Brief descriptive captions
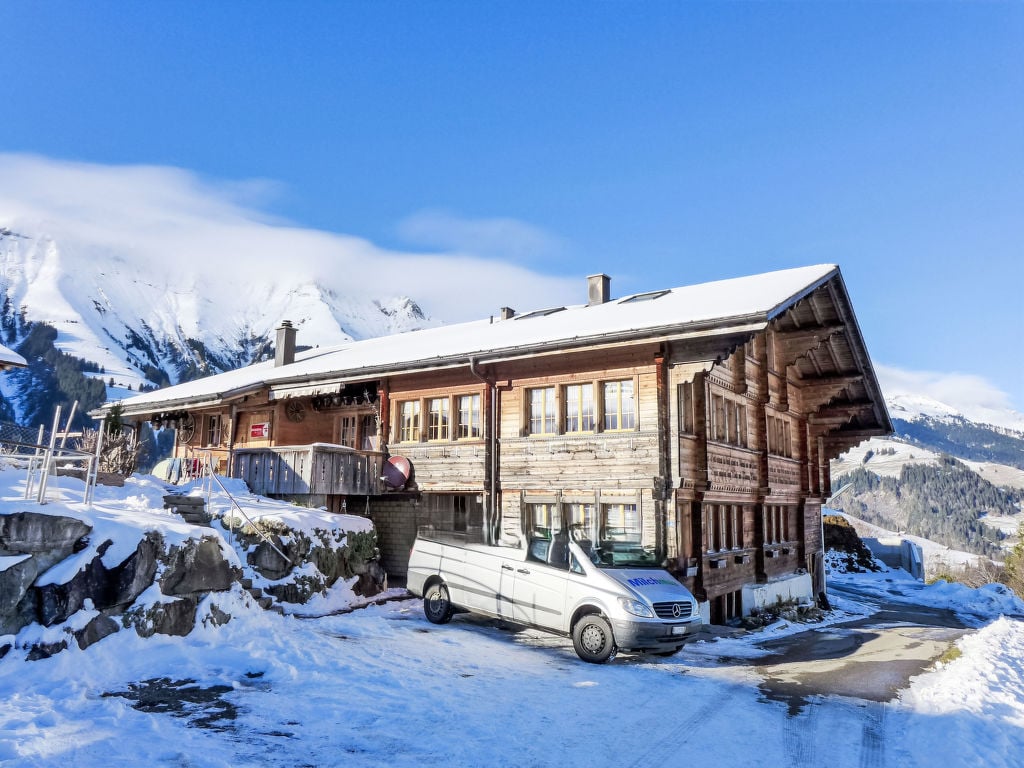 Bühl | Boeken bij Flickmyhouse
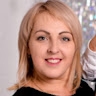 Олена Баштова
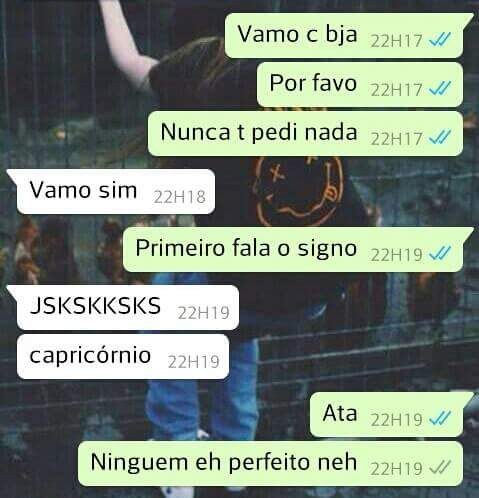 Né?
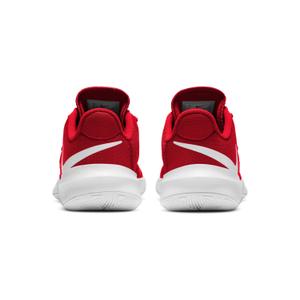 product/n/i/nike_ci2963-610_3-nw040224.jpg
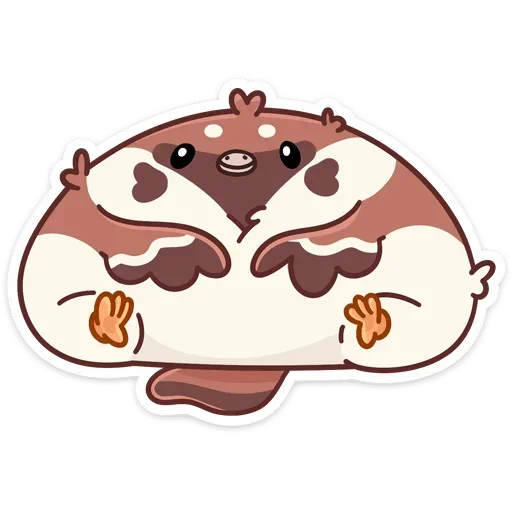 vk_chip 2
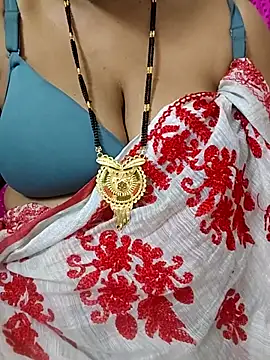 Sofiaa 09 online show from 31, 3, 2026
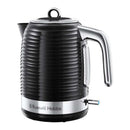 RUSSELL HOBBS - JARRO ELÉTRICO 24361-70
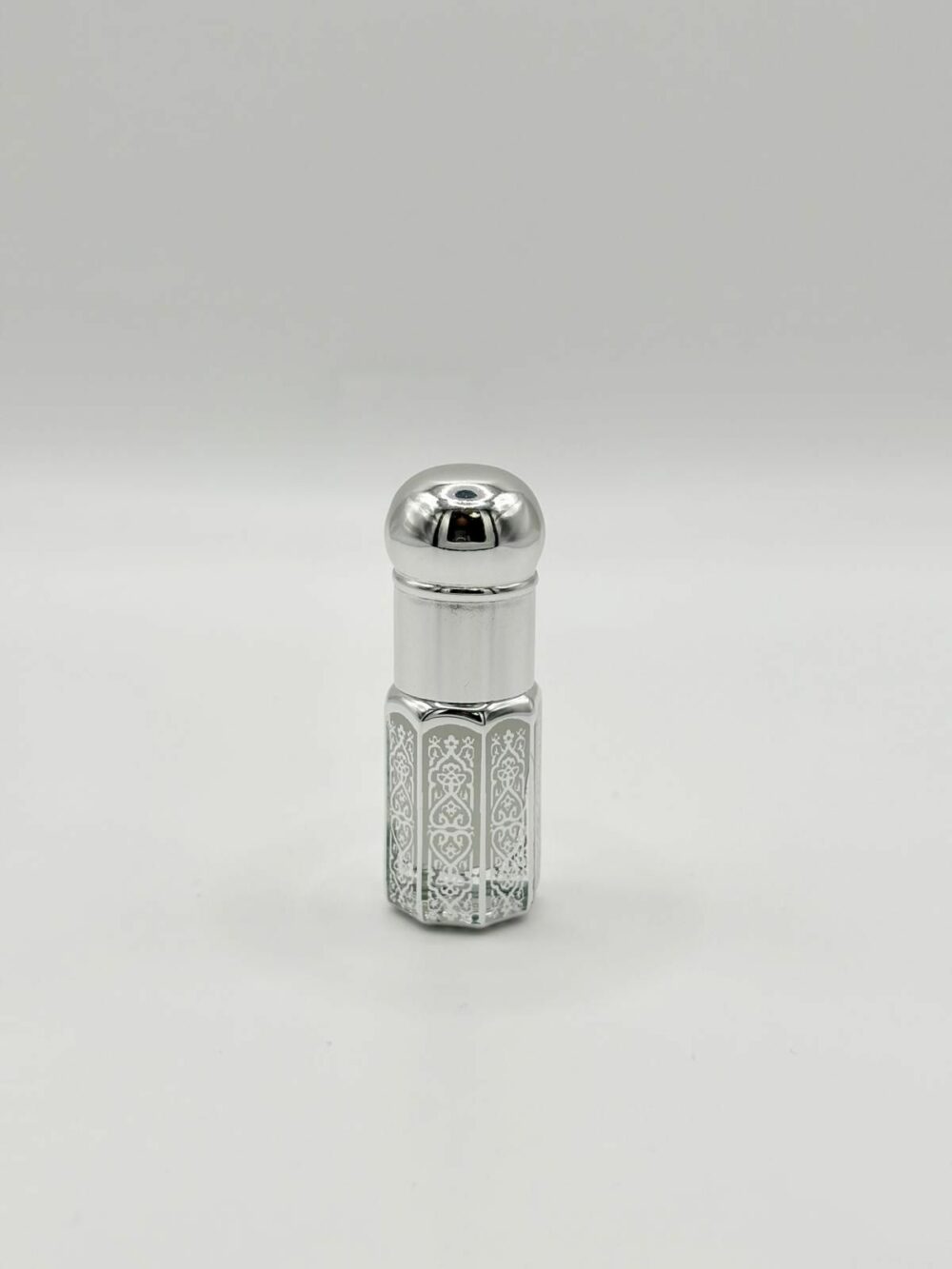 fiole musc tahara 6ml (copie)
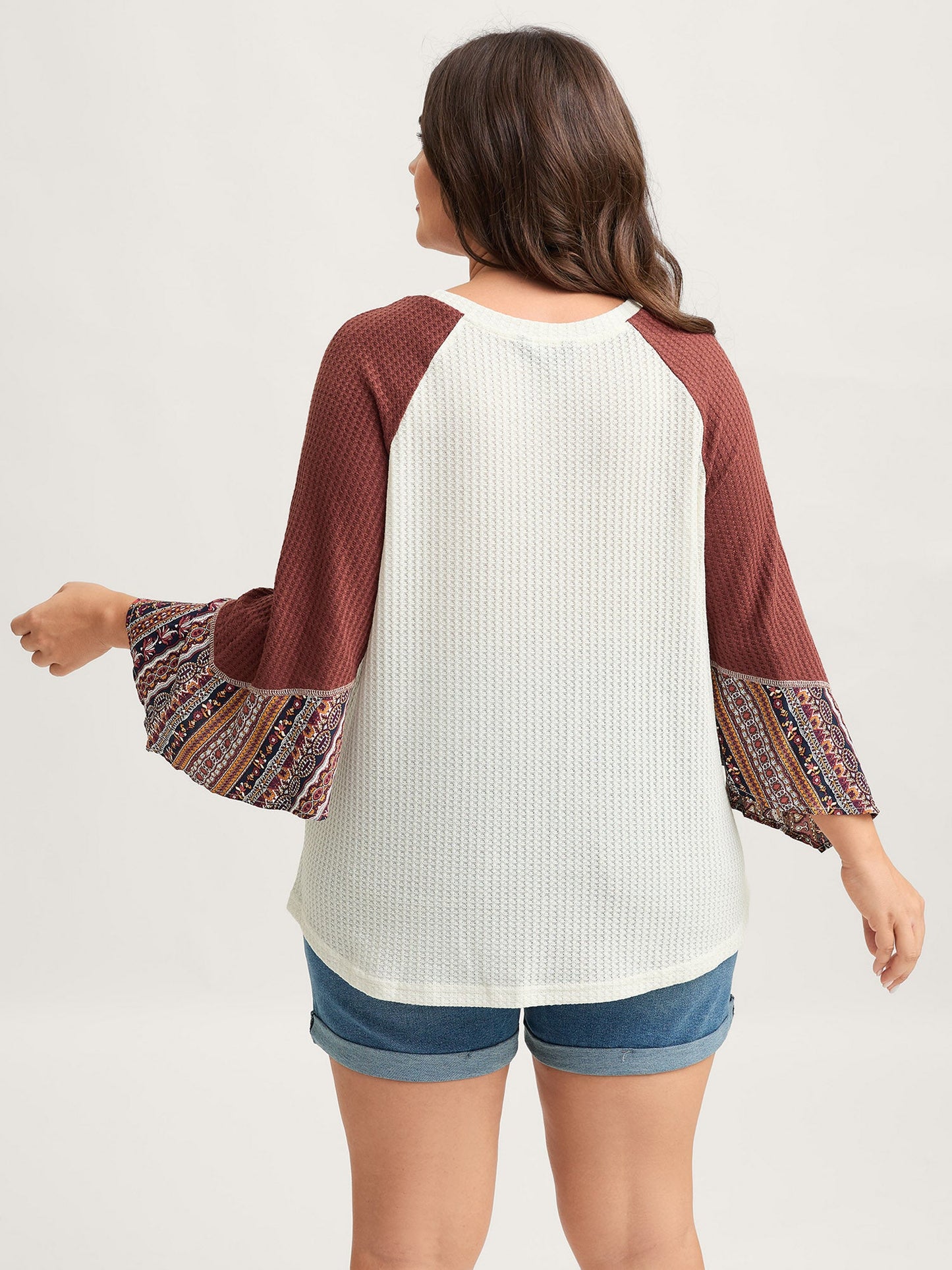 86eda0b1-be6b-4a99-a9e4-f0bc0c99d490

Task instructions
Write out exactly the lines from the one containing "fiole musc tahara 6ml (copie)" through the end of the records above, both included, leaving all pictures out.

Written response
 fiole musc tahara 6ml (copie)
 86eda0b1-be6b-4a99-a9e4-f0bc0c99d490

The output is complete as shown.